Today in Sunday school we were discussing why would one want to serve a viscous, bloody warlike God as seen in the old testament? Why would one want to serve a God who suddenly changes to an oooeeey gooey god of love once his son comes down? Well, I think that god only seems so warlike in the OT because he had to do so much more to protect his people and he had to do mighty/ seemingly extreme things to preserve the Israelites, because they were his only people, the only hope/example for the other nations to follow, and saying that, he had to punish his people severely when they strayed, because the nations needed a good example to follow. To whom much is given, much is required. And God has always been merciful to his people, especially in the OT. If he gave them what they deserved, then all the people would have been wiped out, and he did do that once, but he left Noah to continue his people and raise up a mighty nation. He gave hope through Noah, and didn't completely wipe mankind out, which is what we really deserved. In the NT, God still punishes. Some of the harshest, most judging words come from Christ's mouth. The second coming is a harsh judgment. God has not changed. But he isn't just mean mean mean. He is just. All of the punishments were deserved. He punished the wicked Israelites just as he did the wicked gentiles. He isn't partial. In the NT, God gives us a choice. To believe in Christ and be saved, or continue in sin without repentance and recognition of Christ's sacrifice. The people in the OT didn't have that option. We do now. And we will be judged when He comes again. We have our whole lives to get it together. He is giving us a bit more of a lease, one could say, than he gave the OT peeps.
So. God is the same forever, and always has been. God is Love. But he is also just. We are loved by God, but we must also fear him. He is after all, our creator and king of all there is. Things have changed in the NT covenant, but God never changes.

4 Comments:

  • At 8:27 PM, Blogger Serena said…

    Christ came to set us free from the mean, ugly, vengeful OT God who imprisoned us in the material world. duh.
    :D

     
  • At 8:21 PM, Blogger Serena said…

    Okay so serious response. You don't start easy do you? No instead of a lighthearted, meaningless first post you drown me in deep, theological inquiry. Ahh!! *head sinks*

    Anyway, I think that people assume a false dichotomy: either God is loving and therefore is nice and cottony and covered with rubber or he's mean and cruel and strict. This is basically, from my point of view, a misunderstanding of love. Warm and fuzzy is not love. In fact the greatest love is to lay down one's life for someone else. That is not very nice. That does not make me feel good. An understanding of God's character, and in turn his Love, calls for an understanding of his Glory and Sovereignty and Mercy.

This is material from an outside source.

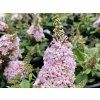 Komule Davidova 'Little Rockstars'® Pink  Buddleja davidii 'Little Rockstars'® Pink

    I really don't get this comment of yours: "In the NT, God gives us a choice. To believe in Christ and be saved, or continue in sin without repentance and recognition of Christ's sacrifice. The people in the OT didn't have that option. We do now. And we will be judged when He comes again." What do you mean?

     
  • At 8:22 PM, Blogger Serena said…

    P.S. You're a communist. Sashimi is of the gods. In small amounts. With wassabi. And soy.

     
  • At 1:22 PM, Blogger Pilgrim said…

    I think you too quickly passed the key word "just". God is just. The first time I lost one of my children, I was hit with the "dilemma" of a bloody God. By the third, or tenth, I was able to reconcile things in my mind. Our minds cannot understand the extent of God's Justice, His holy blade. What do you think the Israelites were thinking when they had to drown their babies? But God was faithful, He saved Moses by the same rite. This argument comes down to an acknowledgment that we are finite, and He infinite; we are temporal, and He eternal.

    I do know that He tells us to pray imprecatory Psalms against our enemies. I do know that all of His salvation comes through death. And I do know what Nietzsche couldn't understand: through death comes life.